Gerson Barbosa: Quando vai para o fundo, às vezes ocorre por exemplo para recuperar uma nascente. Na Morada do Ouro, por exemplo, houve uma verba para recuperar aquela área verde e a nascente. Nesse caso, o Ministério Público já fixa. Quando vai para o fundo municipal, aquele conselho do fundo é que vai dizer como vai ser aplicada aquela verba.

Ponto na Curva: Essa atuação do MPE gera algumas críticas, como ocorreu para a liberação do Complexo da Salgadeira, devido ao tempo. O que o senhor diria à isso?
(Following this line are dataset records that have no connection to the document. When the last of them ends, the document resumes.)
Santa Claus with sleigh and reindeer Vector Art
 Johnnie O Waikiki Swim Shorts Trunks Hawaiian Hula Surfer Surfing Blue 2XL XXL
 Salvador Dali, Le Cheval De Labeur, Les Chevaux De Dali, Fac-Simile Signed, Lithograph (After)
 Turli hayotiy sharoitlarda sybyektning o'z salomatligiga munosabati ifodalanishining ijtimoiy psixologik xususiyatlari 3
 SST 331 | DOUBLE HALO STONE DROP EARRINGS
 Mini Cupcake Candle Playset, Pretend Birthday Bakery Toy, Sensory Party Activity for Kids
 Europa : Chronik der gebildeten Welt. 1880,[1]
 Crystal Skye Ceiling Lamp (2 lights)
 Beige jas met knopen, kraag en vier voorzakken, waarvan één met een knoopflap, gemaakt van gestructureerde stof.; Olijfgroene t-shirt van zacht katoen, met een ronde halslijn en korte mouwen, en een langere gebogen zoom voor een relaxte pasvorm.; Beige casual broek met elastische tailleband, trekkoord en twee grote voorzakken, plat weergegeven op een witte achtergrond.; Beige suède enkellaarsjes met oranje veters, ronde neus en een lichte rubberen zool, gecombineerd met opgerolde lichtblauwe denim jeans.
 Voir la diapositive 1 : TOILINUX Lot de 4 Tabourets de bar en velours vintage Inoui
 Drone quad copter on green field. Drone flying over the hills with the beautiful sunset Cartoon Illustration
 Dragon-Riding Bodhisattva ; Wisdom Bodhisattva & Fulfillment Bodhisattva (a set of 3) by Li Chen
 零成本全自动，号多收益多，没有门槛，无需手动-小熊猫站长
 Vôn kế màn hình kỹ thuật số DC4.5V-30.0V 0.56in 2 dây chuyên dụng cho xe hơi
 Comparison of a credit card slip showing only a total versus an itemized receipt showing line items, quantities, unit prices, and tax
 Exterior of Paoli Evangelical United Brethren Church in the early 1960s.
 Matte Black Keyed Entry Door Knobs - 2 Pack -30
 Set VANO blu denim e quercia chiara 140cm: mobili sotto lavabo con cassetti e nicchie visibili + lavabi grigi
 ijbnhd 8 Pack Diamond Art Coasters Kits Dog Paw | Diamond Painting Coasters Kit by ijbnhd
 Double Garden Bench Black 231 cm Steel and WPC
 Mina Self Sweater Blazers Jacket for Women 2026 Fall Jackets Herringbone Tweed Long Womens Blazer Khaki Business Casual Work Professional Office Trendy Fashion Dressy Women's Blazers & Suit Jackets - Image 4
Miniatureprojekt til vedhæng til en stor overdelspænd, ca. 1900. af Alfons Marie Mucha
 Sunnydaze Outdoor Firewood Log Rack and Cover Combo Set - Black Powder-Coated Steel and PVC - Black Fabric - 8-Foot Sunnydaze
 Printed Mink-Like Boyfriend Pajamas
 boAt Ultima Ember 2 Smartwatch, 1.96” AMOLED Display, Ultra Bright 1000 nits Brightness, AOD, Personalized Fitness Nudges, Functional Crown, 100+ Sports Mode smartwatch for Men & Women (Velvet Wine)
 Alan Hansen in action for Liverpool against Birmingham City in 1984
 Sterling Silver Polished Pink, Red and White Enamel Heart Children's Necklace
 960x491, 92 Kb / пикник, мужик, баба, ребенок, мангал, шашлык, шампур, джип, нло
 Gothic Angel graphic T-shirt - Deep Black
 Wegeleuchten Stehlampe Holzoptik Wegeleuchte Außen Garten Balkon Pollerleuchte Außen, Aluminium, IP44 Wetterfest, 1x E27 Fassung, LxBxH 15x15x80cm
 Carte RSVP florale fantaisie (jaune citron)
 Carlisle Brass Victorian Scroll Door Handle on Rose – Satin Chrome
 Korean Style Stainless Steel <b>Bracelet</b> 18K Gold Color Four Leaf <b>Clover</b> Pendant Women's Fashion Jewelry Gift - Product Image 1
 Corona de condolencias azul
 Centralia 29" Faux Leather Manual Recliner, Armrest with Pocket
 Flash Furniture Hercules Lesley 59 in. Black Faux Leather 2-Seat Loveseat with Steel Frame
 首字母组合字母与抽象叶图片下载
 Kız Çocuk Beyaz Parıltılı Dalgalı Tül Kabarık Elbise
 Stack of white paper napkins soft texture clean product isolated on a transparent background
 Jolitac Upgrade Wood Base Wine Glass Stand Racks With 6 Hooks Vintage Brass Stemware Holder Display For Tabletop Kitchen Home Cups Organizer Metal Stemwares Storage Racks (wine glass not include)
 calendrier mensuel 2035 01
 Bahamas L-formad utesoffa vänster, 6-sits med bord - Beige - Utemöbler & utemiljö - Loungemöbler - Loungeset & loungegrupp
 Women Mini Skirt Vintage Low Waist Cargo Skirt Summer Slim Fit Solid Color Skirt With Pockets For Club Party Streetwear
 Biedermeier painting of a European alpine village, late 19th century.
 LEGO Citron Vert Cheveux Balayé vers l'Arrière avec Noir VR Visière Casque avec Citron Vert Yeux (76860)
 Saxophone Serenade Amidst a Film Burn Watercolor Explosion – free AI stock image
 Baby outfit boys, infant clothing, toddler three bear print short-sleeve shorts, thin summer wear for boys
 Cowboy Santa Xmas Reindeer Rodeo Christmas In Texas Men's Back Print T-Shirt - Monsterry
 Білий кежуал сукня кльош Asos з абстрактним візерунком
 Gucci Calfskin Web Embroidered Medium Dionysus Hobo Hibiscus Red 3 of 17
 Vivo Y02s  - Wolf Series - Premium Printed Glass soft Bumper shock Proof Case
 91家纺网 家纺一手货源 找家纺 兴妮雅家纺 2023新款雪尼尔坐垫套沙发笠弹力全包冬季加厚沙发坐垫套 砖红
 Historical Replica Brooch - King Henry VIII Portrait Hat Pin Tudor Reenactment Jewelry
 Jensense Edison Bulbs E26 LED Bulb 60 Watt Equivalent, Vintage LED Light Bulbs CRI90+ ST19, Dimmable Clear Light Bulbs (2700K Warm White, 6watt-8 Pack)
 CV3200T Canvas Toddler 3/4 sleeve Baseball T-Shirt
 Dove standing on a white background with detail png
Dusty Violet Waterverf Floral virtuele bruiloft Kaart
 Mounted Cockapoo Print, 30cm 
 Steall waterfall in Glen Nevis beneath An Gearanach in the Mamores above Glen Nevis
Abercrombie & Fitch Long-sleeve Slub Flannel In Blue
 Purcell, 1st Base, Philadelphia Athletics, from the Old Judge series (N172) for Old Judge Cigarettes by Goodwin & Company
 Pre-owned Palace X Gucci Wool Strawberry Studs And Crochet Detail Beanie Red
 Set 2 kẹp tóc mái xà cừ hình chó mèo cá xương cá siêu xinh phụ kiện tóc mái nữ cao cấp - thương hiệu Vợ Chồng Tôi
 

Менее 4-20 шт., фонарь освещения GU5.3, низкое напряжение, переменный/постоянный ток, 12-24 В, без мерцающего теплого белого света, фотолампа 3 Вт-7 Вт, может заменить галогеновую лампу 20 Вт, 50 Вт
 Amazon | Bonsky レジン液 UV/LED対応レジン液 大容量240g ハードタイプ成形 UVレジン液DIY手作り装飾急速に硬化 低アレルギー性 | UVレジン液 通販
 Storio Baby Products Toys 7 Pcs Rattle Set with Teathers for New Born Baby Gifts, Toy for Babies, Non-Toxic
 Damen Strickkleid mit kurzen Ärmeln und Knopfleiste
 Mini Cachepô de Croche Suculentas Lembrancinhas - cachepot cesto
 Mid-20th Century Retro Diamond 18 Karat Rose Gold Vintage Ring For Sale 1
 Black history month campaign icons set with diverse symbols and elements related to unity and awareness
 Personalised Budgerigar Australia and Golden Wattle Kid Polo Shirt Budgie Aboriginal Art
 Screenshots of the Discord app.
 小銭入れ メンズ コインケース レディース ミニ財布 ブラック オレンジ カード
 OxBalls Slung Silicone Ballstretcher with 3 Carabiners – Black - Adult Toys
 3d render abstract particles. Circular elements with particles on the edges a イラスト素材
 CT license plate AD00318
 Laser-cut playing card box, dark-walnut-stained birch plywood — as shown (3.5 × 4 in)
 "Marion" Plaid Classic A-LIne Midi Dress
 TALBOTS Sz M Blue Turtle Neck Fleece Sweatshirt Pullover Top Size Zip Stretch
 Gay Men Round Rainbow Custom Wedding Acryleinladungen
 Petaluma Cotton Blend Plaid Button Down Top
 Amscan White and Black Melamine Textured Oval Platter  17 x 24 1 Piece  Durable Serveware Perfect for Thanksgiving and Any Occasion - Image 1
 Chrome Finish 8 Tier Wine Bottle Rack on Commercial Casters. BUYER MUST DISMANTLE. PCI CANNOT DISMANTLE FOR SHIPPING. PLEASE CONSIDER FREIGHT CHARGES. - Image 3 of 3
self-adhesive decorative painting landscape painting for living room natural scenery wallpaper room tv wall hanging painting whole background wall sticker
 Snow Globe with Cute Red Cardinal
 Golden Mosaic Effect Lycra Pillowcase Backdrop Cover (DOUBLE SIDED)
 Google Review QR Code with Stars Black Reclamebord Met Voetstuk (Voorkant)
Gerson Barbosa: Existem críticas de várias fontes e isso é natural, temos que conviver. Temos que ter a consciência de que estamos fazendo o melhor. Não acertamos sempre, às vezes erramos, o ser humano é passível de erro. Nós da 17ª Promotoria temos o apoio técnico, buscamos sempre acertar e o nosso trabalho tem demonstrado que na maioria das vezes acertamos. Mesmo acertando, tem críticas de pessoas desinformadas, algumas vinculadas a determinados grupos. O importante é o geral, temos a concepção que tem se acertado muito, temos trazido benefícios ambientais a Cuiabá. Recentemente, por exemplo, quando foi expedida notificação recomendatória naquela área do Tijuco Preto, que tem 19 nascentes, houve aquela parte das pessoas que dizem "O que importa as nascentes, está impedindo um empreendimento". Primeiro que o MPE não impede um empreendimento. Um empreendimento que agride o meio ambiente já está impedido por lei, não pelo Ministério Público. Segundo que, nesse caso, os empresários eles compareceram na audiência e se comprometeram fazer pequenas modificações no projeto, melhorar o projeto sem agredir o meio ambiente. Eles agradeceram a contribuição do Ministério Público, demonstraram a responsabilidade socioambiental de quererem fazer um projeto para não agredir o meio ambiente. Ao contrário das críticas de alguns, os próprios empresários entenderam que a participação do MPE só contribuiu para um melhor projeto para eles. As críticas vão existir sempre, mas isso não impede nossos trabalhos e não tira a consciência de que esses trabalhos, no âmbito geral, estão sendo muito bom para Cuiabá.